More than 8,000 students across the city from pre-kindergarten to high school took classes in trailers in the 2011-'12 school year, DNAinfo.com New York reported last fall.

About 220 kindergarten and first grade students at P.S. 11 currently use the school's portables,  where they shuffle back and forth to the main building throughout the day, even in bad weather, according to principal Anna Efkarpides.

The school is so cramped that teachers have had to send students to study in hallways, and art and music supplies are shuttled from room to room in a cart, Efkarpides said. Preliminary plans for the new annex include the possibility of a designated music classroom, a science lab and an exercise space, she added.

"All the things that we don't have right now," she said. "I'm very excited, and so is my staff."

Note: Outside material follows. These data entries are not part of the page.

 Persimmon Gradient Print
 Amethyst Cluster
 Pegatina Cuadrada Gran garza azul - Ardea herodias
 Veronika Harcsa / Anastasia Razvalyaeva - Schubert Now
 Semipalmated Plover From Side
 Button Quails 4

The new addition will likely be built in the footprint of the trailer classrooms in the schoolyard, and will hold approximately 350 students, according to School Construction Authority President Lorraine Grillo. She said the agency has selected OMNI Architects to design the building, a process that will take about a year, with construction to start some time after that.

Grillo said the project has been difficult to get off the ground, mainly because there is very little space to build next to the school and because the schoolyard's pavement is on a slope.

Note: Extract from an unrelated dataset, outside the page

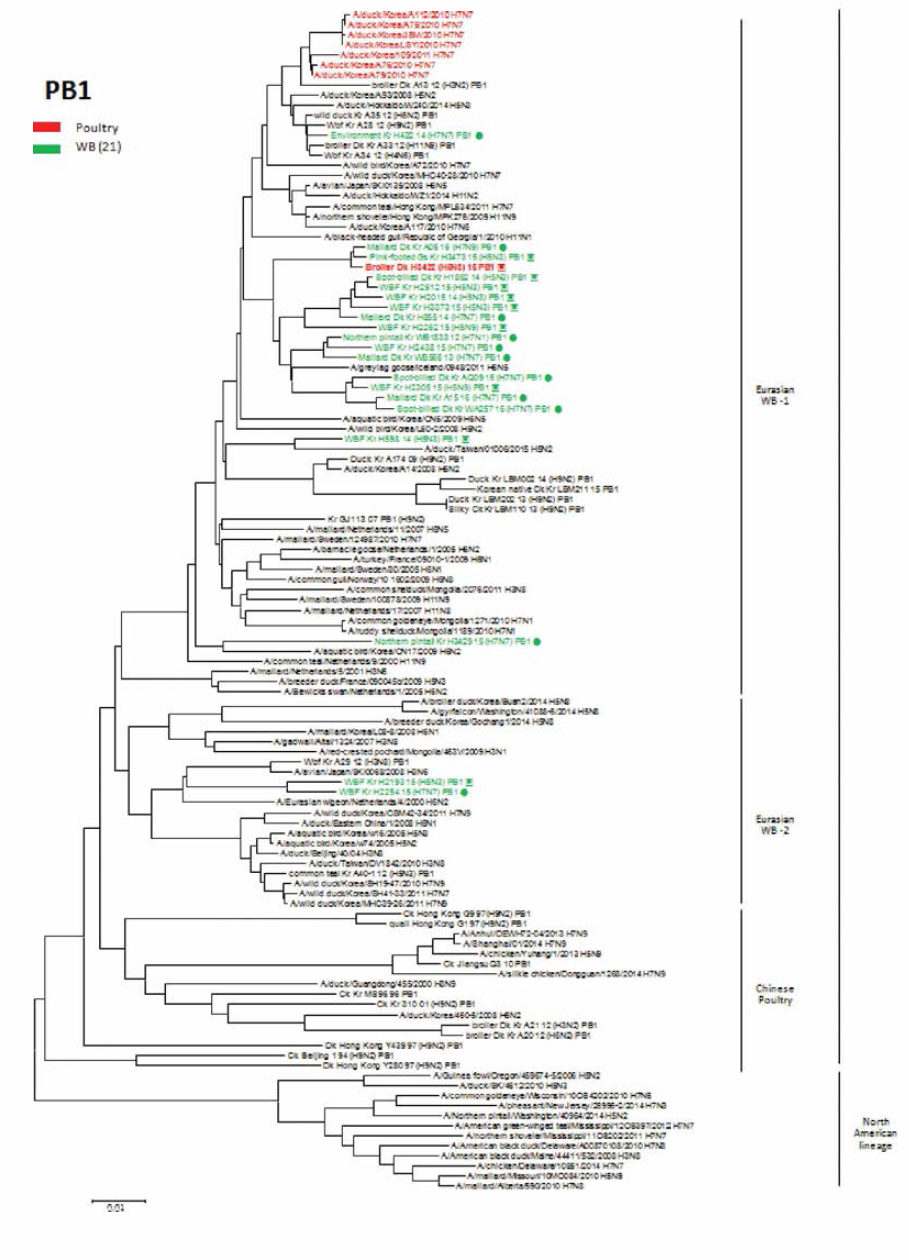 PB1 유전자 근연관계 분석결과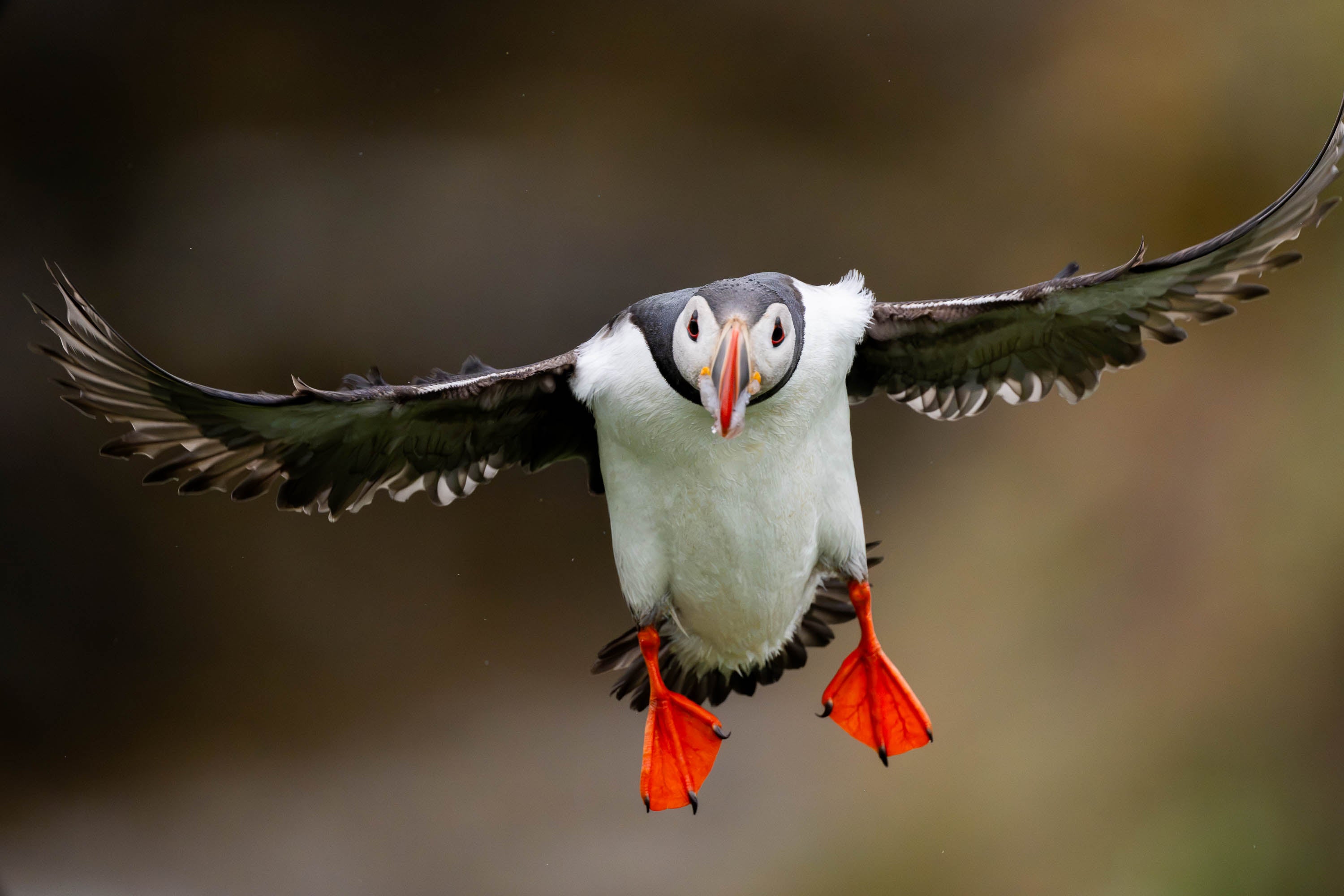 Flight of the Atlantic Puffin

"It's very close to the main building. We'll be doing major construction out here, there's noise, there's all kinds of issues. It's always a challenge," she said.

The city has yet to determine where the students currently taught in the trailers will go once construction starts.

"We'll be working very closely with the principal and the administration of the school to work that out," Grillo said.

School Districts 24 and 30 in Queens are among the most crowded in the city, officials say. P.S. 11 is at 120 percent capacity, according to City Councilman Jimmy Van Bramer, who represents the area.

The city plans to build a number of new schools in the two districts, including two in Long Island City, one in Sunnyside and another in Woodside just a few blocks from P.S. 11.

That school, a five-story building to be constructed on 57th Street and 39th Avenue called P.S. 339, will house 470 students. But it still won't be enough to relieve P.S. 11, making the annex there a necessity, Grillo said.

"Even though we're building an entirely new school building three blocks away from here, the overcrowding problem still exists, and will continue to exist, so that's why we're doing this," she said.